8.2 On the Observed Relationships between Variability in Gulf Stream Sea Surface Temperatures and the Atmospheric Circulation over the North Atlantic

Wednesday, 17 August 2016: 10:45 AM
Lecture Hall (Monona Terrace Community and Convention Center)
Samantha M. Wills, Colorado State University, Fort Collins, CO; and D. W. J. Thompson and L. M. Ciasto

The advent of increasingly high-resolution satellite observations and numerical models has led to a series of advances in our understanding of the role of midlatitude sea surface temperature (SST) in climate variability, especially near western boundary currents (WBC). Observational analyses have suggested that ocean dynamics play a central role in driving interannual SST variability over the Kuroshio-Oyashio and Gulf Stream extensions. Numerical experiments have suggested that variations in the SST field within these WBC regions may have a much more pronounced influence on the atmospheric circulation than previously thought.
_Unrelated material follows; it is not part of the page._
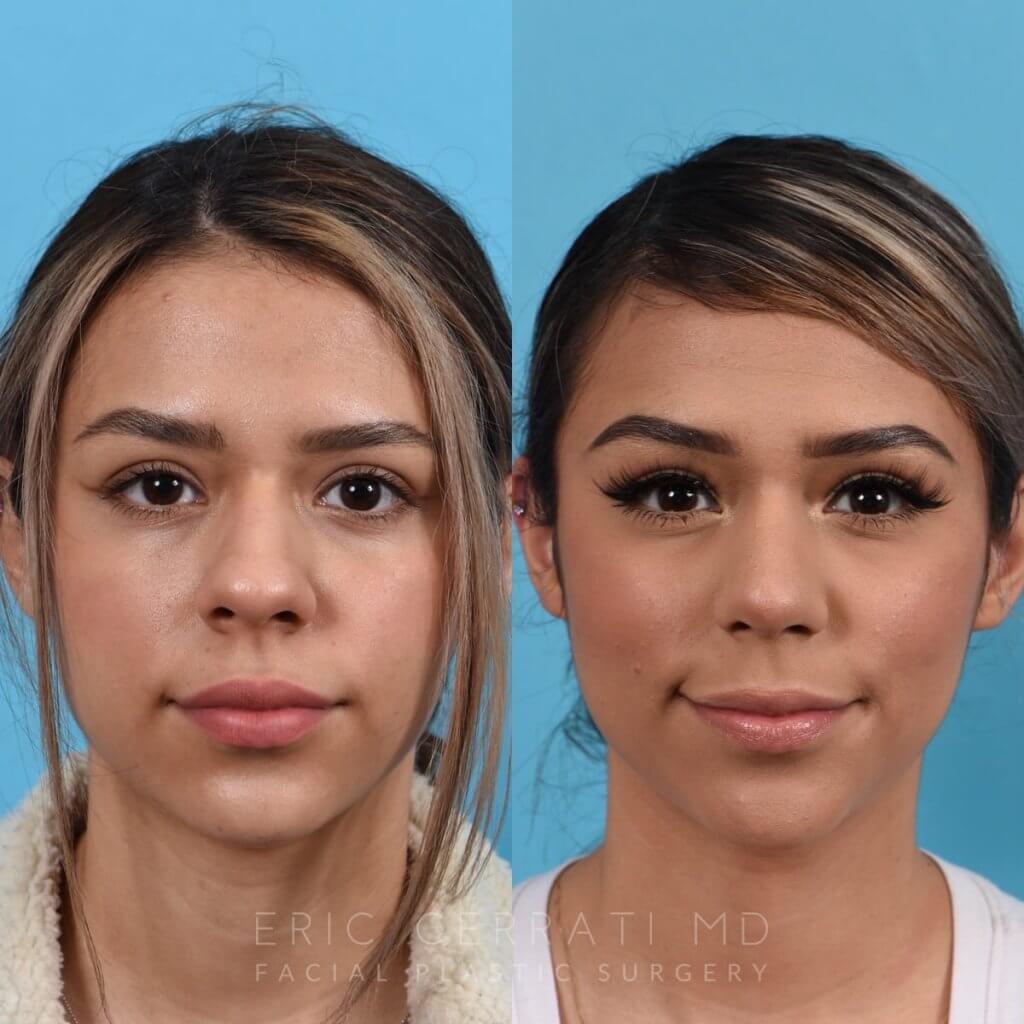 Female patient before and after rhinoplasty - front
In this study, the authors examine the observational support for (or against) a robust atmospheric response to midlatitude SST variability in the Gulf Stream extension. To do so, lead/lag analysis based on daily-mean data is applied to assess the evidence for two-way coupling between SST anomalies and the atmospheric circulation on transient timescales, building off of previous studies that have utilized weekly data. A novel decomposition approach is employed to demonstrate that atmospheric circulation anomalies over the Gulf Stream extension can be separated into two distinct patterns of midlatitude atmosphere/ocean interaction: 1) a pattern that peaks 2-3 weeks before the largest SST anomalies in the Gulf Stream extension, which can be viewed as the “atmospheric forcing” and 2) a pattern that peaks several weeks after the largest SST anomalies, which the authors argue can be viewed as the “atmospheric response”. The latter pattern is linearly independent of the former, and is interpreted as the potential response of the atmospheric circulation to SST variability in the Gulf Stream extension.